La preuve, cette marche inédite qui a mobilisé aux quatre coins du monde, qui a mis debout la France d’en haut et celle d’en bas, où black, blanc beur, d’une seule et même voix ont exprimé leur attachement à tous à ces acquis qui ont fait de la République le phare de l’humanité. Malheureusement parmi tous ces Charlie de circonstance du dimanche 11 janvier, se tenaient de ces imposteurs à faire se retourner dans leur tombe les malheureuses victimes. Ensemble, ils ont paradé sans complexe côte à côte : des délégations de dictateurs, de totalitaires, de bailleurs de fond de Daesch, d’Al Qaëda et tous les autres se réclamant à l’unisson de la démocratie, de la liberté d’expression… L’unique trublion de service s’est vu mis au ban de la République au profit de la communion nationale. Elle est pas belle la solidarité ! 

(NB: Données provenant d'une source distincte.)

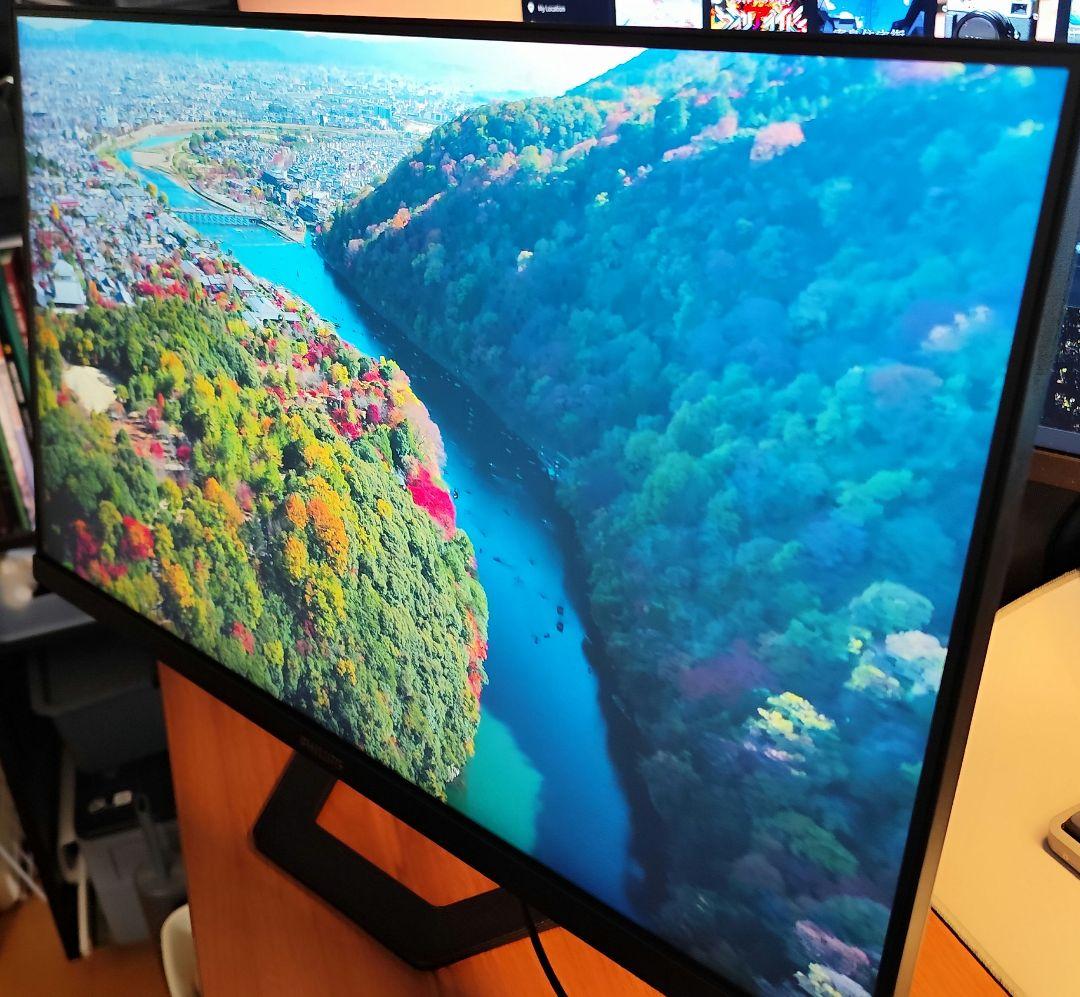 Philips 24インチ WQHDモニター アーム付属可(要説明確認)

Maintenant que sont tombés les rideaux, que se dissipe peu à peu le vertige de l’onde de choc, chacun y va de sa prescription bien avant d’établir un diagnostic plausible. Le renforcement de l’arsenal législatif coule de source comme les quelques empiètements sur les dites libertés individuelles. Quant au Patriot Act, apologie en bonne et dûe forme de la torture, il devient source numéro 1 d’inspiration de certains responsables alors que pour se faire une petite idée de l’ampleur de son inefficacité, il suffirait de se replonger dans Zero Dark Thirty, film de Catheryn Bigelow. "Nul ne sera soumis ni à des peines ou traitements inhumains ou dégradants"…  

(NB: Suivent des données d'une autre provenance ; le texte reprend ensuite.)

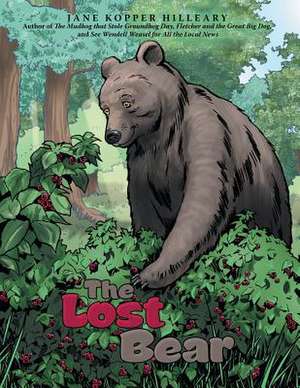 The Lost Bear de Kopper Hilleary, Jane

Pour parer à ce déficit d’informations, si c’en est un, il suffirait probablement de redoubler de vigilance en amont. Bien connus des services de police, les frères Kouachi, comme Amedy Koulibaly, avaient à leur actif pas mal d’antécédents pouvant les rendre plus que suspects. Plutôt que de travailler sur les erreurs commises, on verse encore une fois dans la légifération. 

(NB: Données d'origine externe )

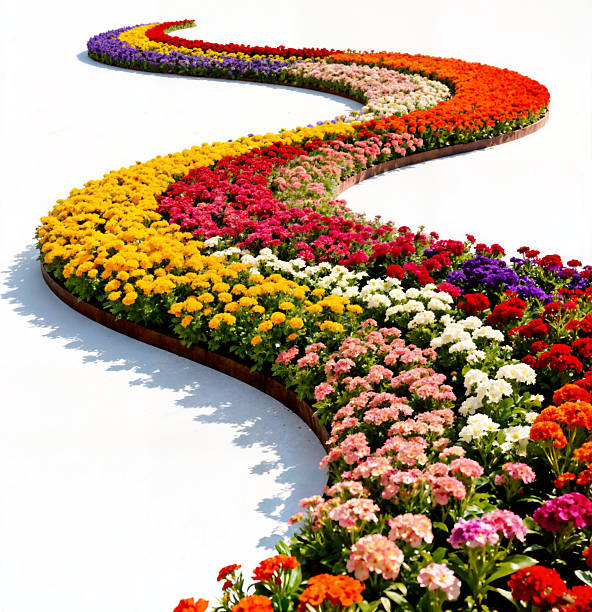 A beautifully arranged garden path made of brightly colored flowers in various stripes, including red, yellow, and pink, curves across a pristine white background, creating an eye-catching and vibrant visual.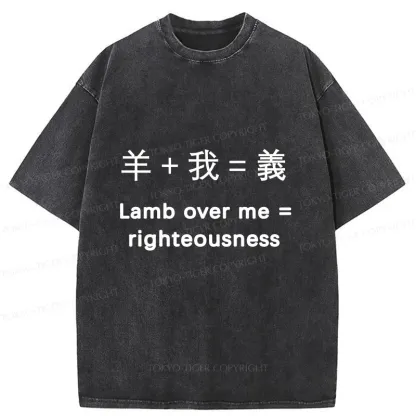 Tokyo-Tiger Constitution Of Justice Washed T-Shirt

Demain en une du journal satirique on verra le prophète pleurer pour ce carnage commis en son nom, tout est pardonné. Lui aussi est Charlie… Charb, Cabu, Wolinski, Tignous, n’apprécieraient sans doute pas que leur mort devienne prétexte pour l’instauration de ce type de méthodes barbares qui va à l’encontre de leurs principes. Faudrait pas que certains s’emparent de cette tragédie pour nous fabriquer encore plus de haine. La fille de feu Wolinski l’a bien souligné d’ailleurs…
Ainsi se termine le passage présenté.